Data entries
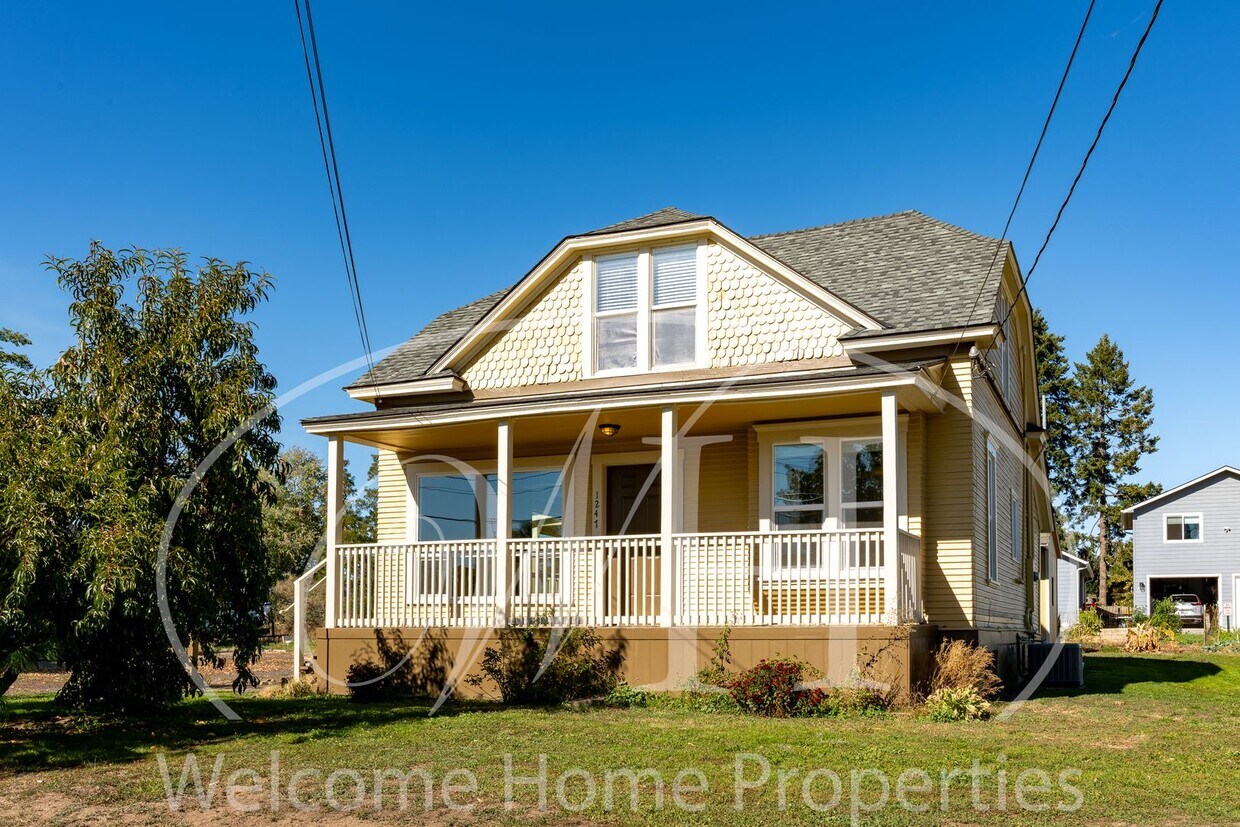 Foto principal - 3 Bedroom Single-Family Home in East Walla Walla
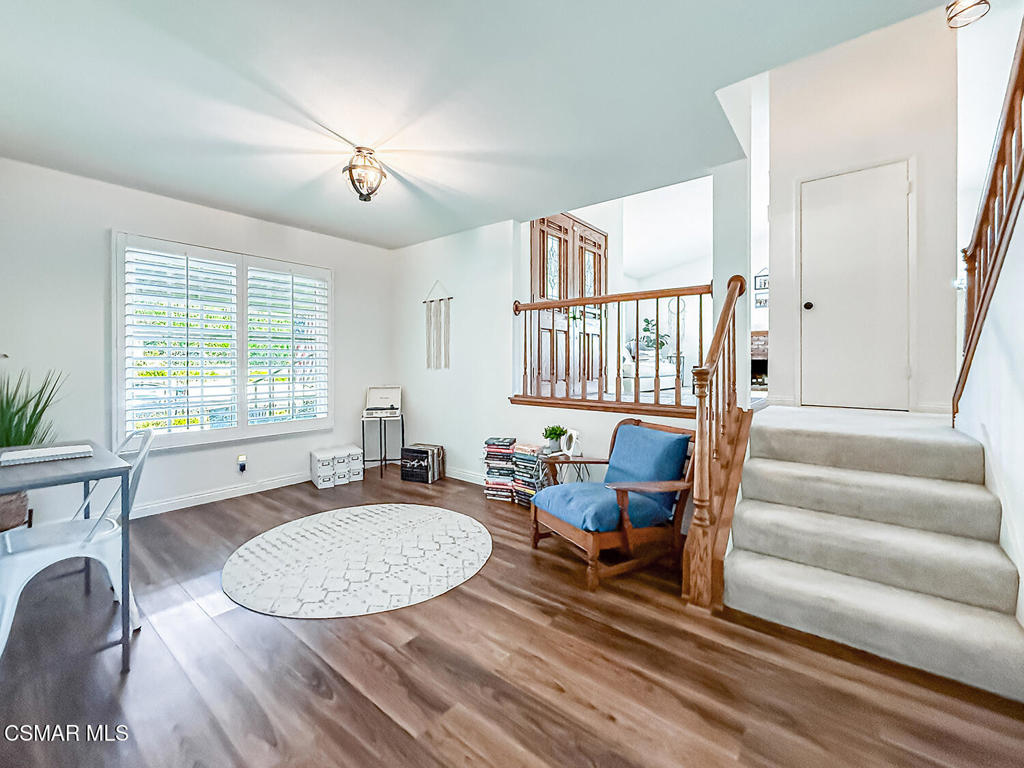 393 Larcom Street Property Photo 10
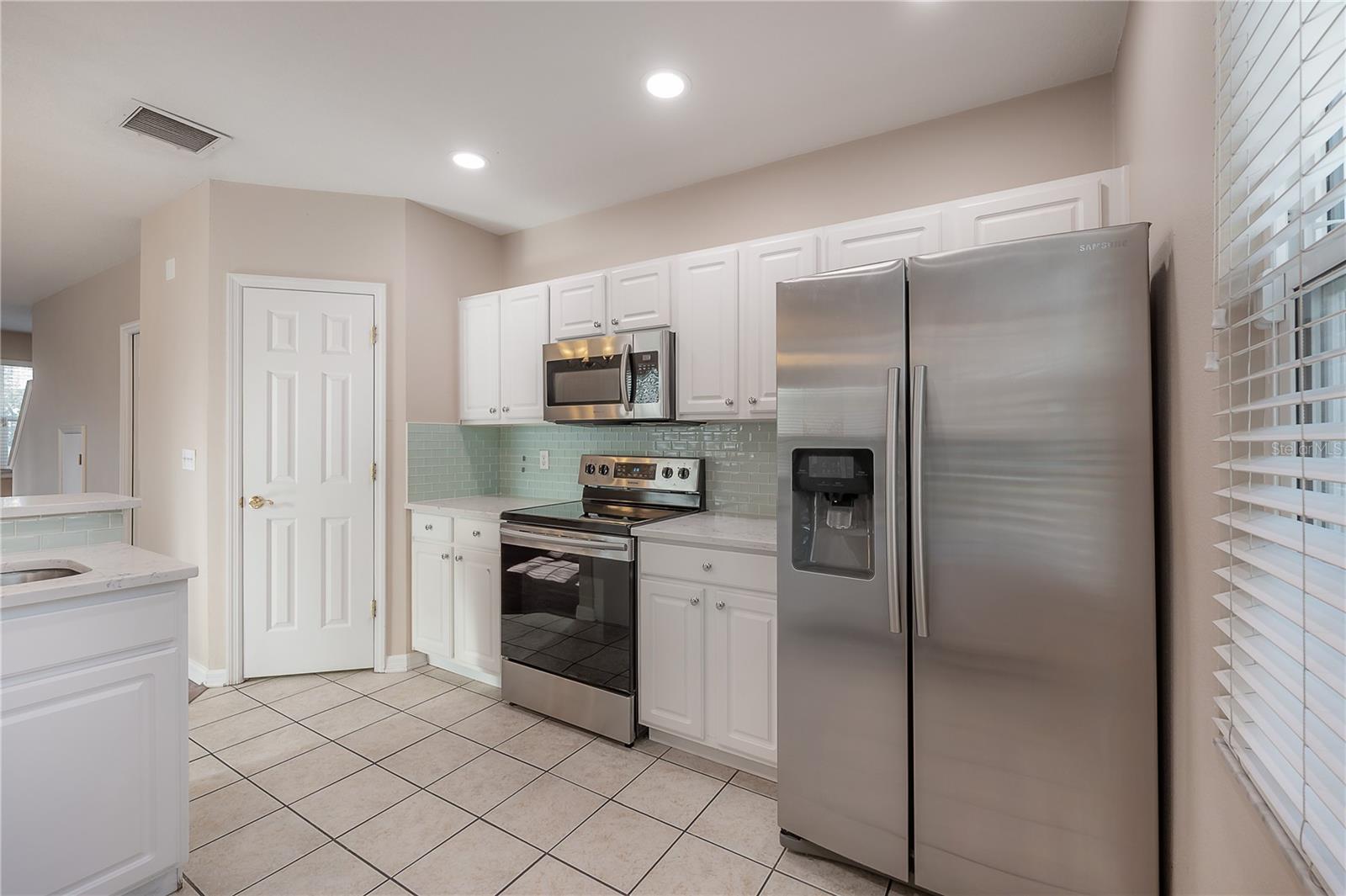 Image 11 of 30 For 4930 Elizabeth Anne Circle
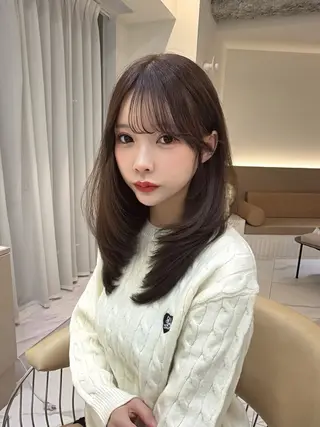 セミロング としき/韓国/透明 感カラー/レイヤーのヘアスタイル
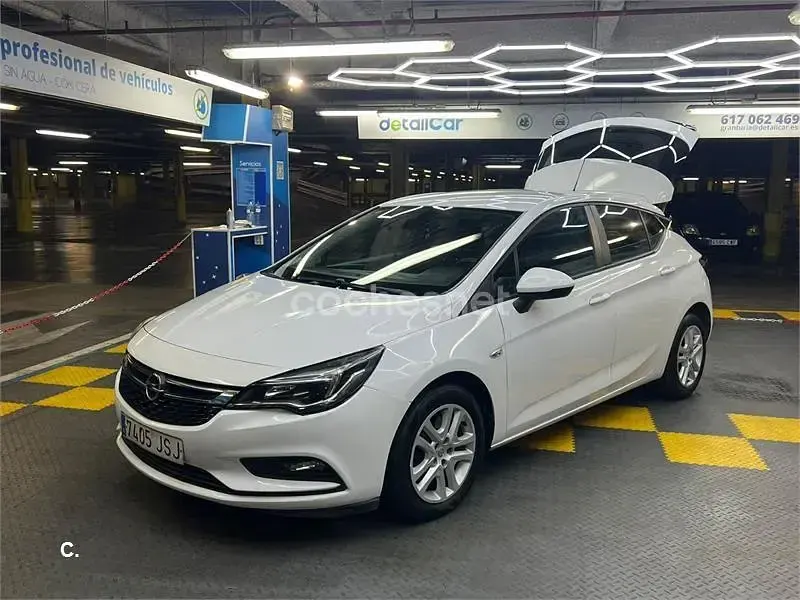 Używany Opel Astra Selective 110 KM (80 kW) 2016 Biały Sedan/Limuzyna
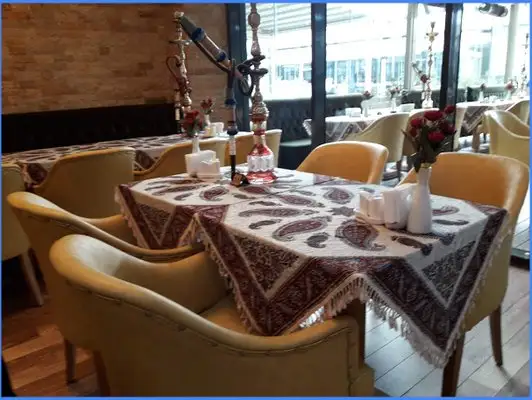 Shahrzad Cafe &amp; Restaurant'nin yemek ve ambiyans fotoğrafları 2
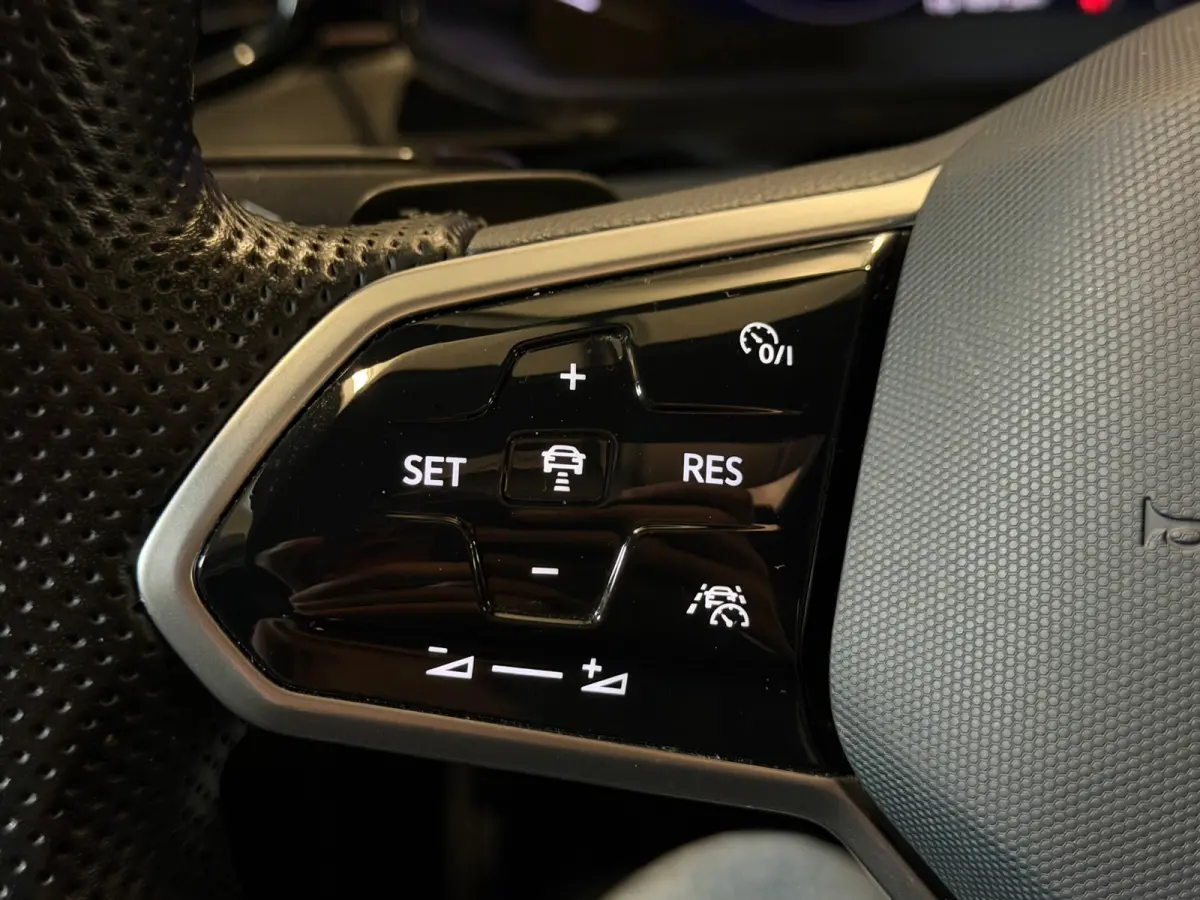 1.5 TSI 3X R-Line|PANO|ACC|CAM|BOMVOL!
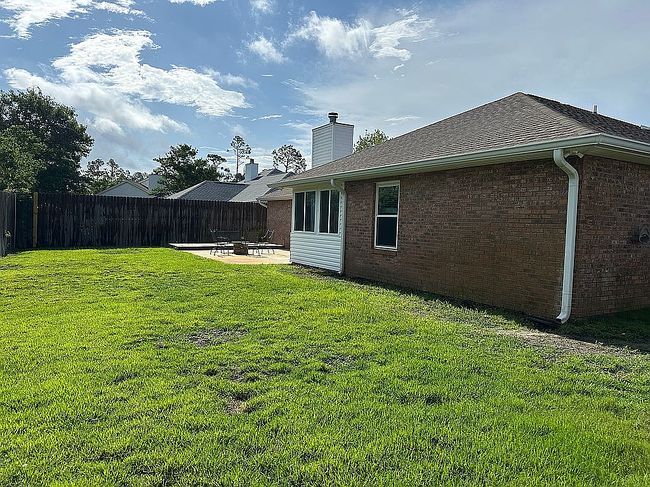 Image of 606 Windy Ln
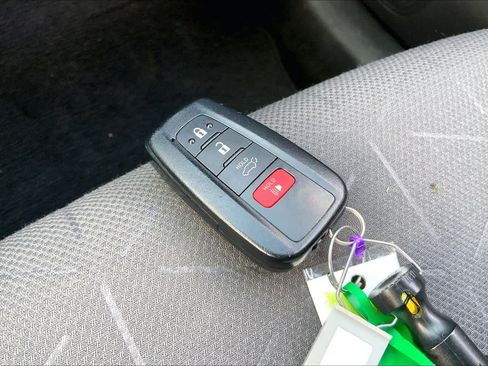 Used 2025 Toyota RAV4 XLE w/ Convenience Package FWD image 15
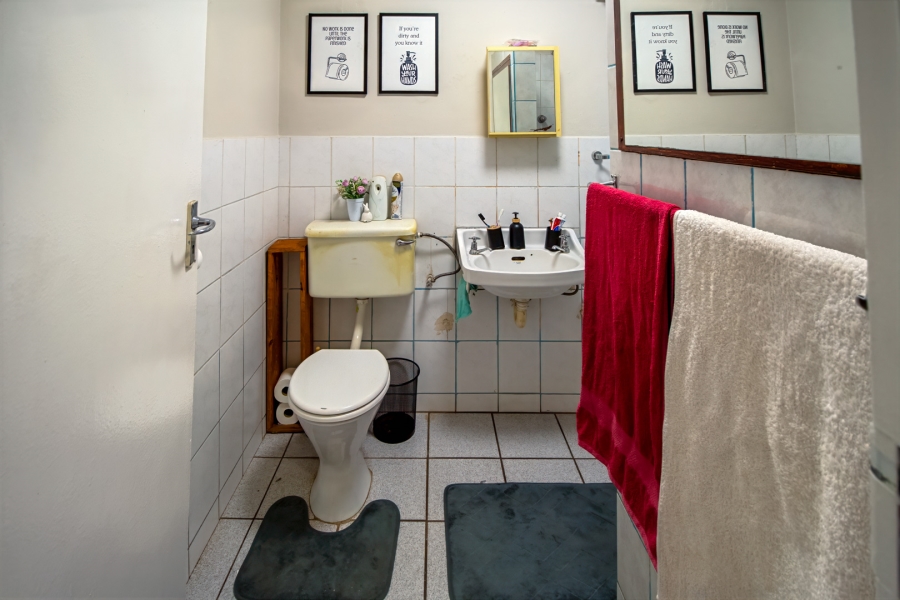 2 Bedroom Property for Sale in Flora Park Northern Cape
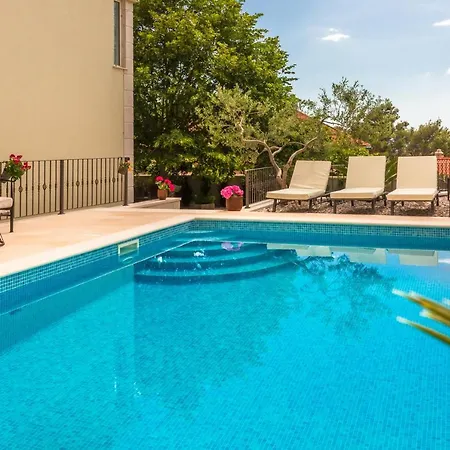 Biston * Baška Voda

## To do
The required answer is the lines from the one that contains "Używany Opel Astra" through the last line of the records, restated word for word, with every picture dropped.

## Answer box
 Używany Opel Astra Selective 110 KM (80 kW) 2016 Biały Sedan/Limuzyna
 Shahrzad Cafe &amp; Restaurant'nin yemek ve ambiyans fotoğrafları 2
 1.5 TSI 3X R-Line|PANO|ACC|CAM|BOMVOL!
 Image of 606 Windy Ln
 Used 2025 Toyota RAV4 XLE w/ Convenience Package FWD image 15
 2 Bedroom Property for Sale in Flora Park Northern Cape
 Biston * Baška Voda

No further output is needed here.